IMG_20160426_214245Why do cloth?

Here’s a few reasons why I personally became interested in cloth diapers.

  1. They save you money in the long run

  2. They are better for the environment

  3. They are soft and more comfortable for baby

  4. There are no chemicals in them

  5. They are cute

  6. They contain messes better (IMO)

At first cloth diapers can be expensive to invest in, especially if you buy them all at once.  Some people see that it’s between 20 – 30 dollars for one diaper and think “well why the heck would anyone pay that?”. But hear me out. Yes one diaper is say, an average of 25 dollars. Well that diaper fits a baby from 8-35 lbs. So hopefully your baby will be potty trained or near it by the time the diaper no longer fits. If you take good care of the diapers you can reuse them for your next kid or resell them. You should ideally have at least 25 diapers so you don’t have to do laundry everyday. If you buy them all brand new at 25 dollars each you will spend 625 dollars on diapers. However , they will last, and you will spend much more than that buying disposables- Google it.  Now of course you can buy them used as well, which will save you money.  This price is also based on all in ones , but you can definitely find cheaper ones if you do prefolds.

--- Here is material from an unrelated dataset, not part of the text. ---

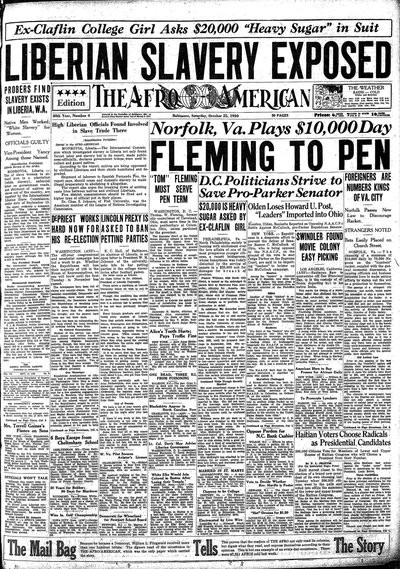 The Afro-American, Oct 25, 1930
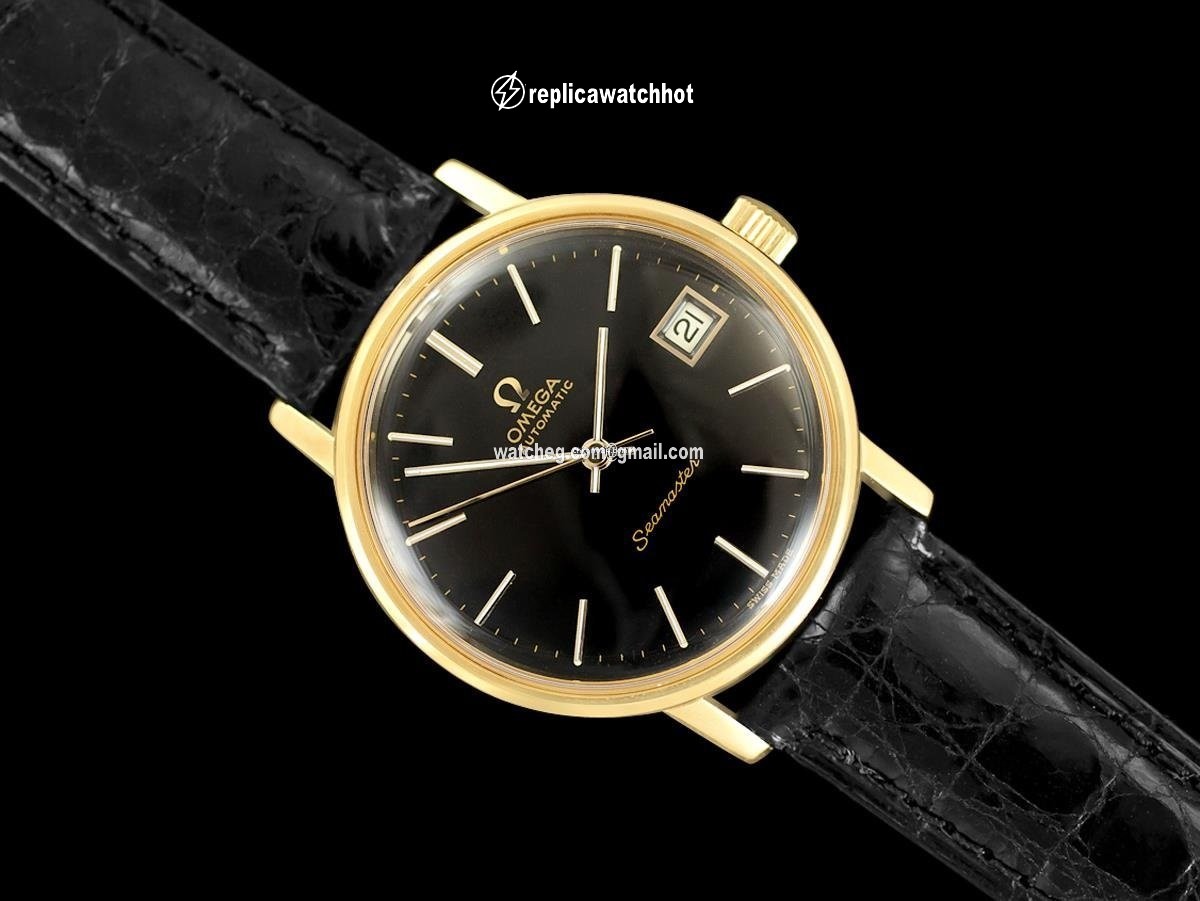 Omega Seamaster Mens watch Unisex Automatic Gold Steel 7736R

Reusable diapers = less waste. I love being able to wash my own diapers and not have bags of trash to throw out all the time. I did use disposable diapers for the first month and a half of my daughter’s life and let me tell you, you go through a lot of diapers. I felt bad creating that much trash. Now I know some super environmentalist people will say I’m wasting more water and using more resources washing them. Maybe it does use water. But honestly I do laundry everyday anyway and I’d rather not add to landfills. Water can be a renewable resource. If you’re super conscious you can even use cloth wipes. I’ve thought about it several times, but I still don’t do it. Perhaps someday I will be just that granola.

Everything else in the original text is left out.